Biologische Uhr | schweres Wasser
DIE ZEIT FÜR ZELLEN AUFHALTEN
Seite 1/1 2 Minuten
Die Leipziger Forschergruppe um Professor Dr. Käs hat es in Zusammenarbeit mit Kollegen aus Deutschland und England geschafft, zelluläre Prozesse deutlich zu hemmen – und das, ohne dabei die Zellen zu beschädigen. Vielleicht kennen Sie schweres Wasser als wichtiges technisches Mittel aus Atomkraftwerken? Die Forscher*innen haben hier einen anderen Weg beschritten: „Wir konnten zeigen, dass sich die Zeit für Zellen beziehungsweise der Ablauf ihrer Dynamiken in Umgebungen mit schwerem Wasser deutlich verlangsamen lässt“, sagt Käs.

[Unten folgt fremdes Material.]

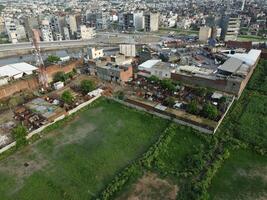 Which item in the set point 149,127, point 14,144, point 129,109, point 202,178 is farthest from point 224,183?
point 14,144

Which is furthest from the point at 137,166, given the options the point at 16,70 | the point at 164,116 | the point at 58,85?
the point at 16,70

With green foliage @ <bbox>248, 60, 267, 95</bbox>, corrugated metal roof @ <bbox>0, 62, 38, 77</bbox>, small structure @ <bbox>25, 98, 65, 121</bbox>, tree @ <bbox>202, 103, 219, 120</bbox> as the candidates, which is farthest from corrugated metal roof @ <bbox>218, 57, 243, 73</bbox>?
corrugated metal roof @ <bbox>0, 62, 38, 77</bbox>

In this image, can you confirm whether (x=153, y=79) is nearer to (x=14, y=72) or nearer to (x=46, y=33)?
(x=14, y=72)

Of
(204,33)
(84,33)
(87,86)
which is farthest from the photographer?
(84,33)

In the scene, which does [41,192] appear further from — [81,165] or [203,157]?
[203,157]

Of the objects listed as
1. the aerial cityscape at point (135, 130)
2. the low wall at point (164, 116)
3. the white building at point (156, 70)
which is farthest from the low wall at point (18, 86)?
the white building at point (156, 70)

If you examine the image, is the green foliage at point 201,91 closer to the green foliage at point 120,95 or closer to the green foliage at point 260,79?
the green foliage at point 260,79

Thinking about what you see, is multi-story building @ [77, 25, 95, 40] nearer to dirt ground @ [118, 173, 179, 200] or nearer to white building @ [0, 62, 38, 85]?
white building @ [0, 62, 38, 85] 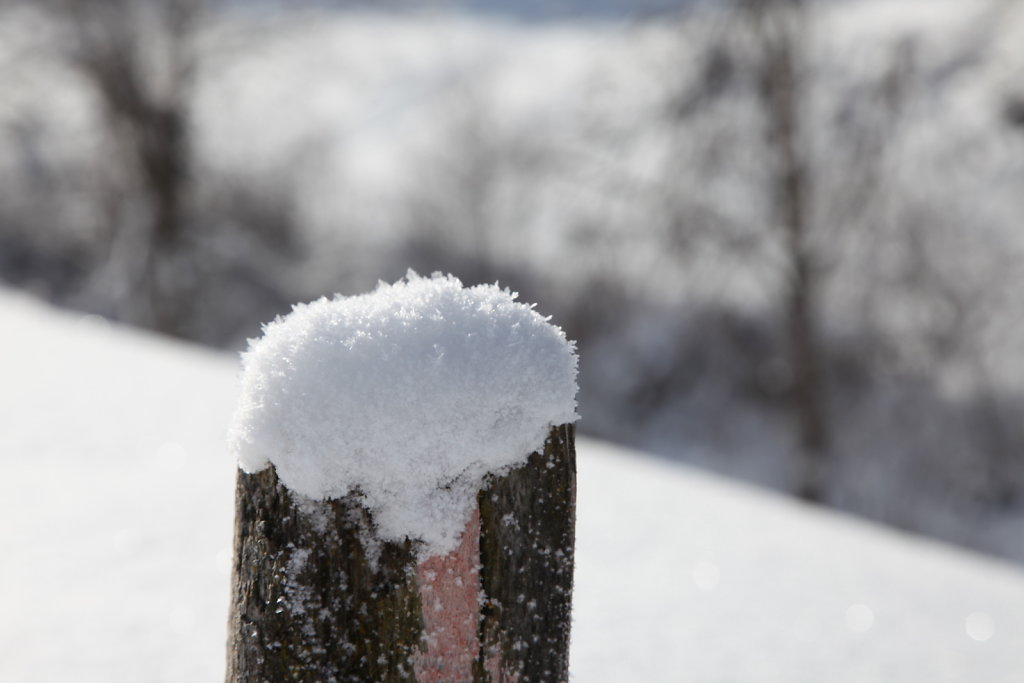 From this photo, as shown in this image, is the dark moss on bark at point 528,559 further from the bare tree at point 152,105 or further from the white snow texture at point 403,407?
the bare tree at point 152,105

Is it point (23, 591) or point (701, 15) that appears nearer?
point (23, 591)

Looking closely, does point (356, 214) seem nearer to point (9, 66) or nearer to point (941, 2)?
point (9, 66)

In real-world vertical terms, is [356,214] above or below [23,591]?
above

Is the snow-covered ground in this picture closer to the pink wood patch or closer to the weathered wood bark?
the weathered wood bark

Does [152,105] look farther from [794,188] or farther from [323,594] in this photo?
[323,594]

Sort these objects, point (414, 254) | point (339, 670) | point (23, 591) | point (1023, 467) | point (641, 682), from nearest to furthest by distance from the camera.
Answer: point (339, 670)
point (641, 682)
point (23, 591)
point (1023, 467)
point (414, 254)

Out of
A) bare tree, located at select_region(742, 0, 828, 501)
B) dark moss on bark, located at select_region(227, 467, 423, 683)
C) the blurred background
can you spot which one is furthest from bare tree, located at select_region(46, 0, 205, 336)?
dark moss on bark, located at select_region(227, 467, 423, 683)

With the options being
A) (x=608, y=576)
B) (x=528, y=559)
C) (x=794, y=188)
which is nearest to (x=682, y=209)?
(x=794, y=188)

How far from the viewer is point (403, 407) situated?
101cm

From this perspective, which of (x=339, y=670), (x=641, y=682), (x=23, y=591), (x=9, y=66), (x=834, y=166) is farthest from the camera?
(x=9, y=66)

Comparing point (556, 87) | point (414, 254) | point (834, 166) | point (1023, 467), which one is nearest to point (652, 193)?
point (834, 166)

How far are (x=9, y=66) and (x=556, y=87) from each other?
8.19m

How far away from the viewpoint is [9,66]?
9.35 meters

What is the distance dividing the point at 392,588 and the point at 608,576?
4.33 feet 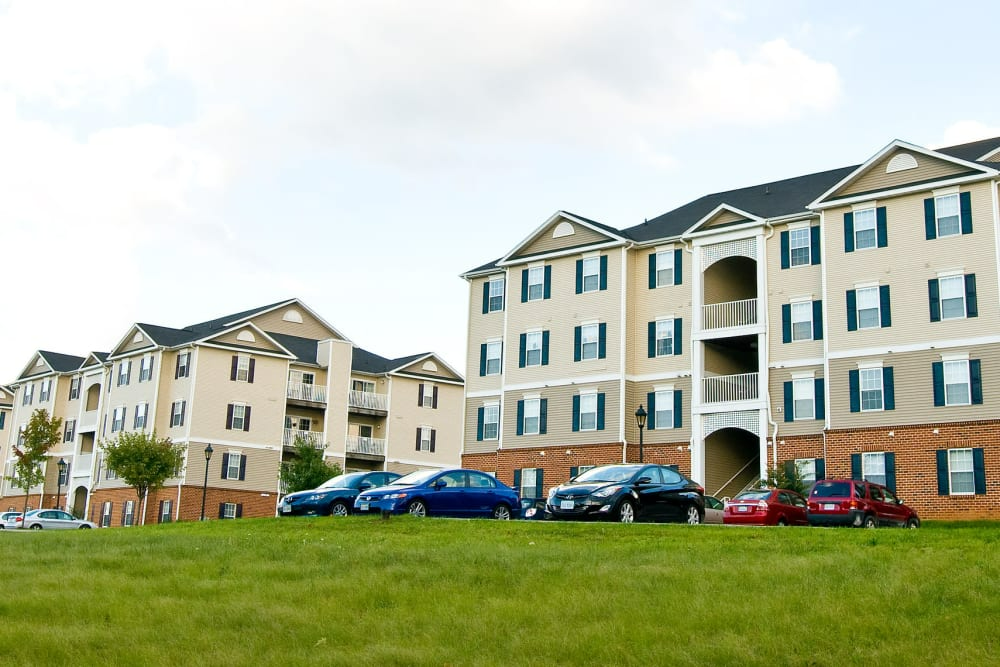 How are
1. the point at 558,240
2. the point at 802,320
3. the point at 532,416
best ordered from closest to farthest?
the point at 802,320 → the point at 532,416 → the point at 558,240

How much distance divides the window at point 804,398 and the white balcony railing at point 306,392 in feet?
103

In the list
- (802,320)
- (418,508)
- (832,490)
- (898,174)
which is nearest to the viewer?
(418,508)

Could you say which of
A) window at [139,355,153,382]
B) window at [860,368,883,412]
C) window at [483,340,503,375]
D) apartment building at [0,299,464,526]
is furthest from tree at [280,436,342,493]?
window at [860,368,883,412]

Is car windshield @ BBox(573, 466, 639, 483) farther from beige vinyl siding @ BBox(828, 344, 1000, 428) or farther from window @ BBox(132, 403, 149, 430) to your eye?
window @ BBox(132, 403, 149, 430)

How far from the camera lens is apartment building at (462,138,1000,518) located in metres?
35.0

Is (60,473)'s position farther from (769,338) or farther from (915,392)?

Schweres Wasser (Deuteriumoxid) ist Wasser mit der Summenformel D2O. Vom „leichten“ Wasser H2O unterscheidet es sich dadurch, dass die Wasserstoffatome im Atomkern zwei Protonen statt nur einem enthalten. Durch ihre somit höhere Masse schwingen die Moleküle langsamer – das verlangsamt auch biochemische Reaktionen.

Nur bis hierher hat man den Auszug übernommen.